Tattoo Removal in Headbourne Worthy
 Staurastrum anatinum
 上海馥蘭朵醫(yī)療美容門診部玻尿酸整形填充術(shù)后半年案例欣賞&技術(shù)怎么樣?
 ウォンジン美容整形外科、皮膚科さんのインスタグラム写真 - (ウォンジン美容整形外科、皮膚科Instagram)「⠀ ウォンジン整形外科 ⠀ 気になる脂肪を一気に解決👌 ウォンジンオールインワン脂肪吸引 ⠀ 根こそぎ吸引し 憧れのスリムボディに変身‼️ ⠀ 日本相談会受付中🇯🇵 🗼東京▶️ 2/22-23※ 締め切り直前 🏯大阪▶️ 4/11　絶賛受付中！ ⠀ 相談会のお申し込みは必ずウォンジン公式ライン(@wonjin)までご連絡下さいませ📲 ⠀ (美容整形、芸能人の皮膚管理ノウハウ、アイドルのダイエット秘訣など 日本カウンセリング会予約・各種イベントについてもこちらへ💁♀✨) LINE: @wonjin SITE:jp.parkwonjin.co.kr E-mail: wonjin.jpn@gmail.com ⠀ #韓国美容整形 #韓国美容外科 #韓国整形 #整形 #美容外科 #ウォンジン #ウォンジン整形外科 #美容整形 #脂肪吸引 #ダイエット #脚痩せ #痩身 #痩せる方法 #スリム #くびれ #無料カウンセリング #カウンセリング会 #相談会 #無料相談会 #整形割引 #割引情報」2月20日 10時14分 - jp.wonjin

EXERCISE AIM
The response should repeat the whole listing exactly.

YOUR SOLUTION
Tattoo Removal in Headbourne Worthy
 Staurastrum anatinum
 上海馥蘭朵醫(yī)療美容門診部玻尿酸整形填充術(shù)后半年案例欣賞&技術(shù)怎么樣?
 ウォンジン美容整形外科、皮膚科さんのインスタグラム写真 - (ウォンジン美容整形外科、皮膚科Instagram)「⠀ ウォンジン整形外科 ⠀ 気になる脂肪を一気に解決👌 ウォンジンオールインワン脂肪吸引 ⠀ 根こそぎ吸引し 憧れのスリムボディに変身‼️ ⠀ 日本相談会受付中🇯🇵 🗼東京▶️ 2/22-23※ 締め切り直前 🏯大阪▶️ 4/11　絶賛受付中！ ⠀ 相談会のお申し込みは必ずウォンジン公式ライン(@wonjin)までご連絡下さいませ📲 ⠀ (美容整形、芸能人の皮膚管理ノウハウ、アイドルのダイエット秘訣など 日本カウンセリング会予約・各種イベントについてもこちらへ💁♀✨) LINE: @wonjin SITE:jp.parkwonjin.co.kr E-mail: wonjin.jpn@gmail.com ⠀ #韓国美容整形 #韓国美容外科 #韓国整形 #整形 #美容外科 #ウォンジン #ウォンジン整形外科 #美容整形 #脂肪吸引 #ダイエット #脚痩せ #痩身 #痩せる方法 #スリム #くびれ #無料カウンセリング #カウンセリング会 #相談会 #無料相談会 #整形割引 #割引情報」2月20日 10時14分 - jp.wonjin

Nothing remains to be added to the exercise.